- Medium: Stand-up; television; film; radio;
- Years active: 2012–present
- Genres: Blue comedy; musical comedy; character comedy;
- Notable works and roles: Co-host of iHeartMedia's Real-Time Crime podcast; Clubhouse icon; Portraying Rachel Feinstein on Laff Mobb's Laff Tracks;
- Website: leahlamarr.com

= Leah Lamarr =

American comedian

Leah Lamarr is an American comedian, actress and podcast host.
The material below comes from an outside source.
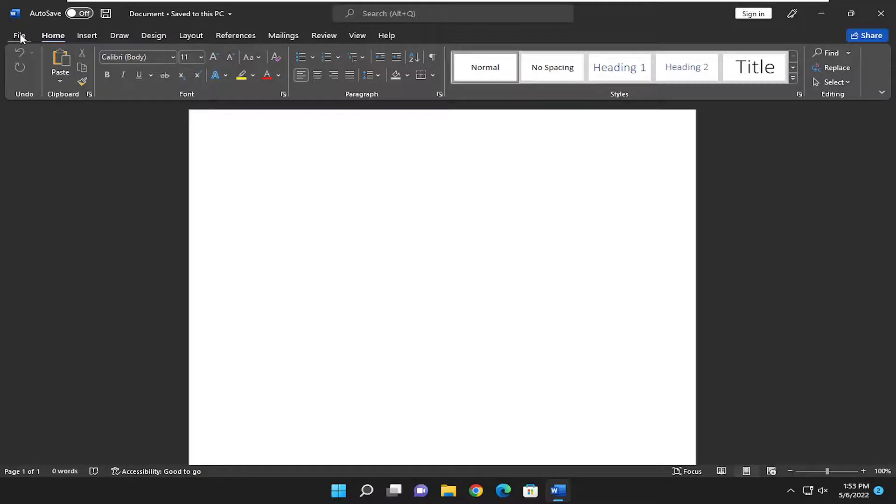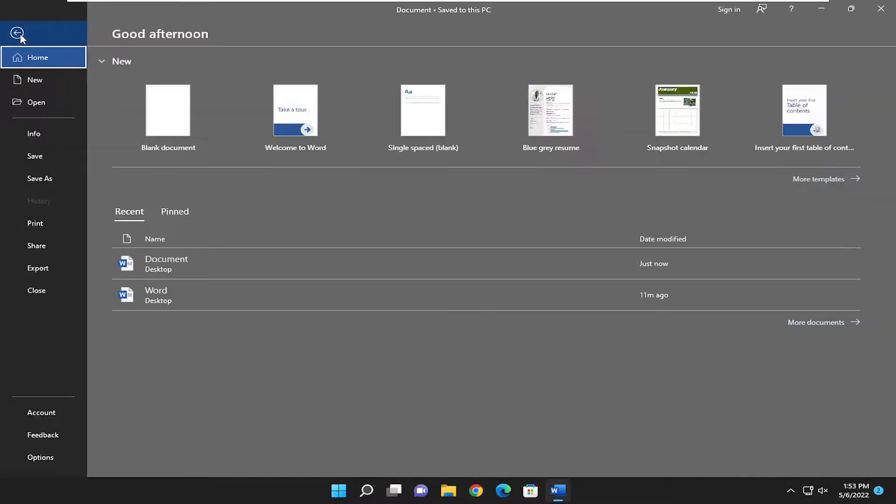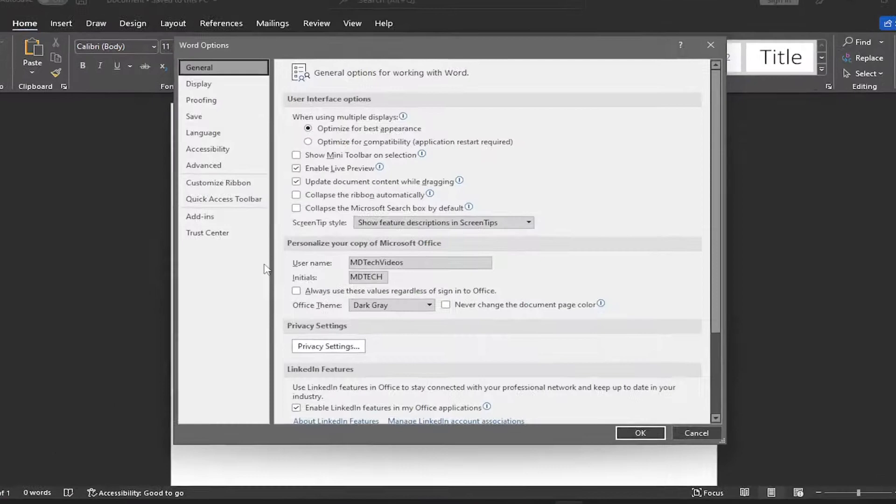All you have to do is select the File tab up at the top left, and then on the left panel, go down and select Options.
She is known for being a comedy show host on the Clubhouse app and co-hosting the Real-Time Crime podcast on iHeartMedia.

== Life and career ==

Lamarr struggled as a comedian until she joined Clubhouse in 2020. She moderates Hot on the Mic and Afternoon Delight, one of the app's most popular rooms. Lamarr has hosted rooms with Adele and Oprah, an interview she revealed made her sweat. When asked about how much time she spends on the app, Lamarr admits she has FOMO when not on it. On August 29, 2021, she became the app's official icon.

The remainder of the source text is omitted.